WASHINGTON — The Department of Veterans Affairs announced that it has permanently housed 38,847 homeless Veterans through October of 2023 — surpassing the calendar year goal to house 38,000 Veterans two months early.  

Through October, VA has also engaged with 34,498 unsheltered Veterans to connect them with the housing and resources they need, exceeding the Department’s calendar year goal by 123%; ensured that 96.2% of Veterans housed have remained in housing, exceeding the Department’s calendar year goal by 1.2%; and ensured that 93.1% of the Veterans who returned to homelessness have been rehoused or are on a pathway to rehousing, exceeding the Department’s calendar year goal by 3.1%.

Ending Veteran homelessness is a top priority of VA and President Biden, who has made supporting Veterans a key pillar of his Unity Agenda for the nation. In 2022 alone, VA housed more than 40,000 formerly homeless Veterans, prevented more than 17,700 Veterans and their families from falling into homelessness, and helped nearly 191,700 additional Veteran families who were experiencing financial difficulties to retain their homes or avoid foreclosure. Thanks in part to these efforts, the number of Veterans experiencing homelessness has fallen by 11% since early 2020 and by more than 55% since 2010. 

“More than 38,000 Veterans now have the safe, stable homes that they deserve — and there’s nothing more important than that,” said VA Secretary Denis McDonough. “While we met our goals for 2023, we’re not stopping here. We’re going to keep pushing — through the end of this calendar year and beyond — until every Veteran has a safe, stable place to call home in this country they fought to defend.”

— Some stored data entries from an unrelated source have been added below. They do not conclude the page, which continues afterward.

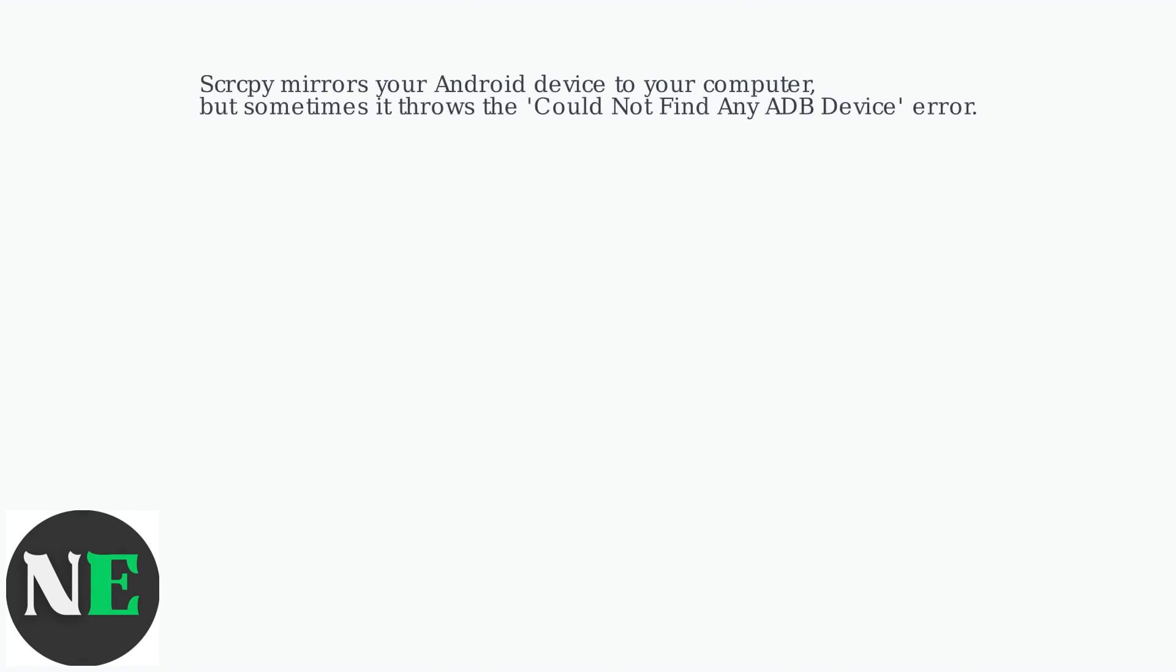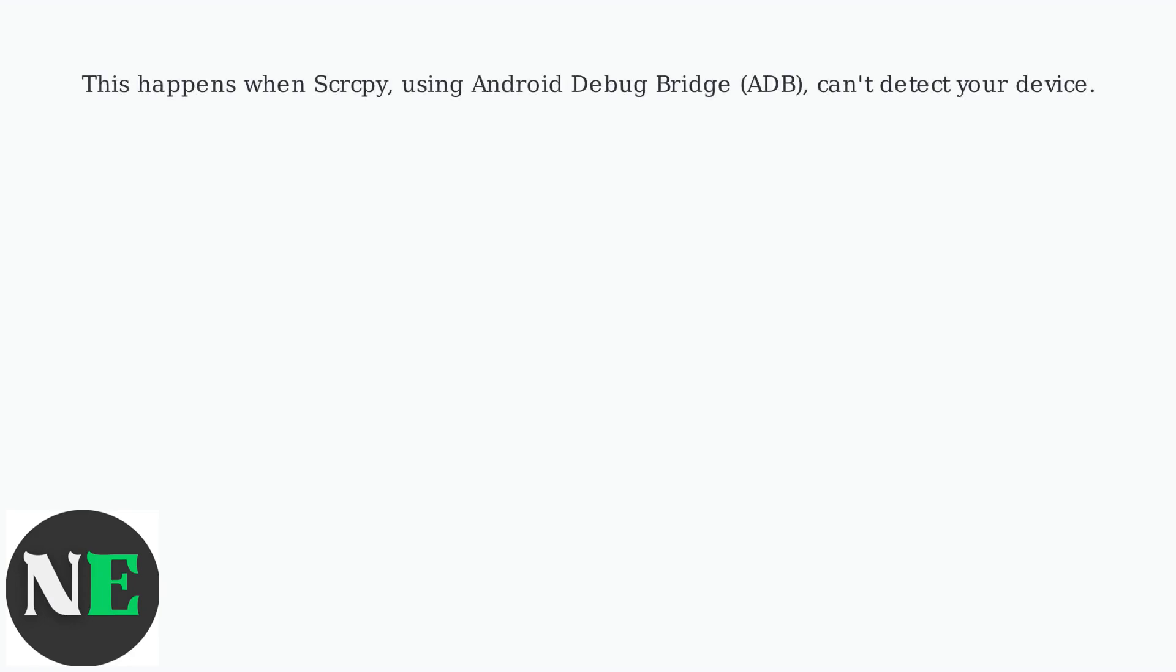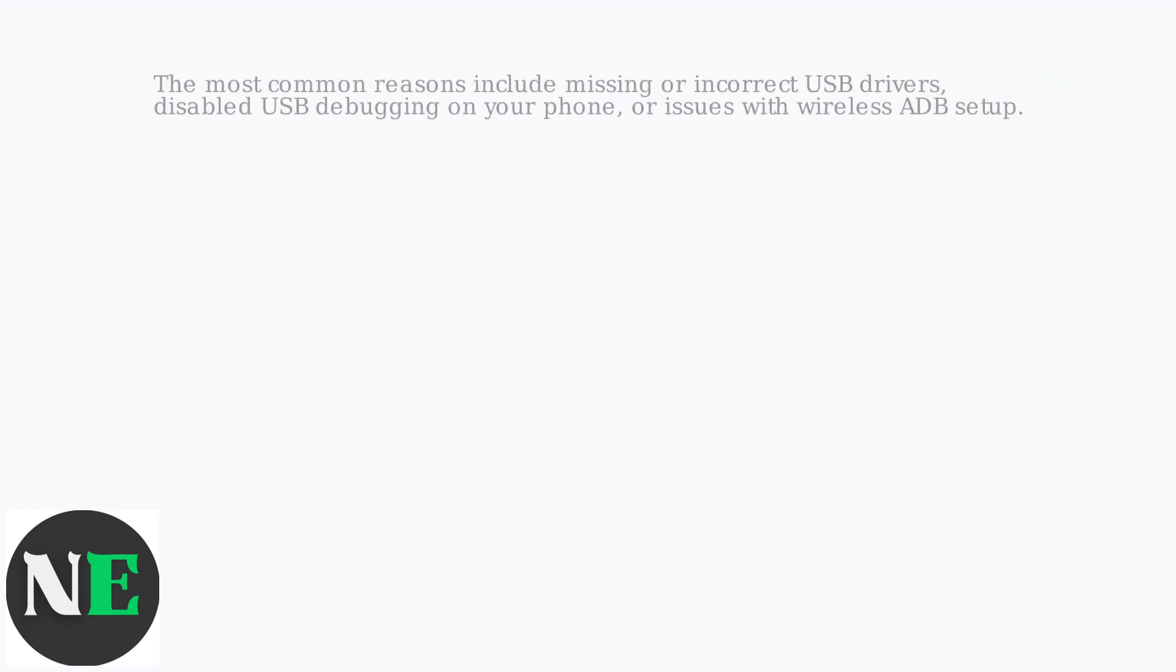Scrcpy mirrors your Android device to your computer, but sometimes it throws the Could Not Find Any ADB Device error. This happens when Scrcpy, using Android Debug Bridge ADB, can't detect your device.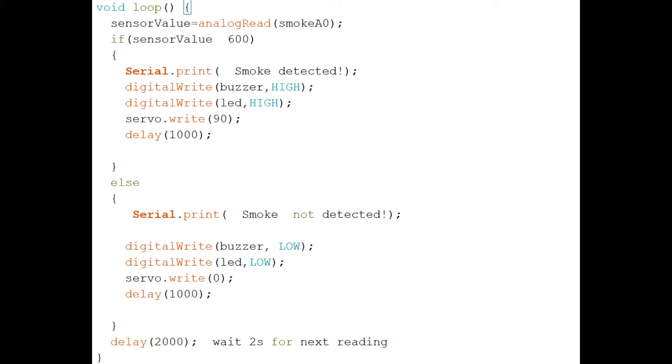When smoke is not detected, the buzzer and LED remain low, the servo is set to 0 degrees, and a delay of 1 millisecond is created.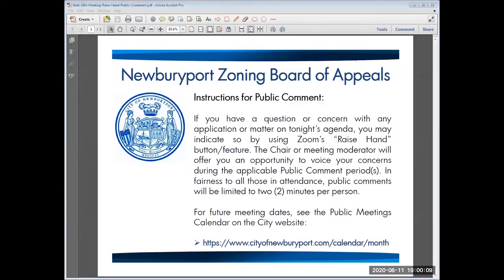We start recording and we are live. Hello everyone and welcome to the 7 p.m. Newburyport Zoning Board of Appeals meeting for August 11th, 2020 via Zoom. My name is Mark Moore, Vice Chair. I'll be calling the meeting to order as our Chair Rob Ciampetti can't be here tonight.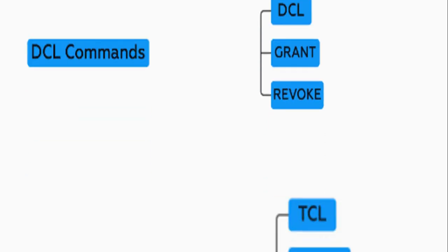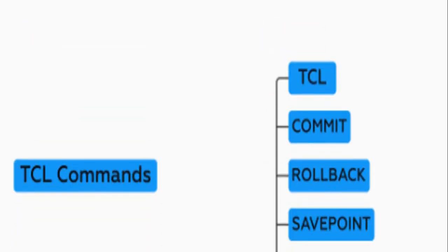TCL, transaction control language, components include commit, rollback, and savepoint. TCL commands are used to control the execution of operations. The operations might succeed or fail. Depending on the outcome, commands such as commit to save or rollback to undo are used.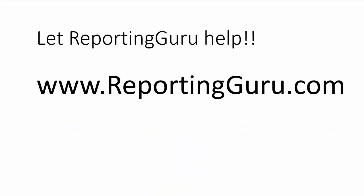So, for your Investran reporting needs, let Reporting Guru help. Visit us at www.reportingguru.com.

VA’s efforts to combat Veteran homelessness are grounded in reaching out to homeless Veterans, understanding their unique needs, and addressing them. These efforts are built on the evidence-based “Housing First” approach, which prioritizes getting a Veteran into housing, then providing them with the wraparound support they need to stay housed, including health care, job training, legal and education assistance, and more. This initiative is part of the Biden-Harris Administration’s broader efforts to reduce homelessness.

VA has also made progress in combating Veteran homelessness in the Greater Los Angeles area, providing 1,464 homeless Veterans with permanent housing thus far this year — which is the most of any city in America and on pace to exceed VA’s calendar year goal for 2023. Last year, VA provided 1,301 permanent housing placements to formerly homeless Veterans in LA, the most of any city in America.

VA staff and its community partners nationwide help Veterans find permanent housing such as apartments or houses to rent or own, often with subsidies to help make the housing affordable. In some cases, VA staff and partners help Veterans end their homelessness by reuniting them with family and friends.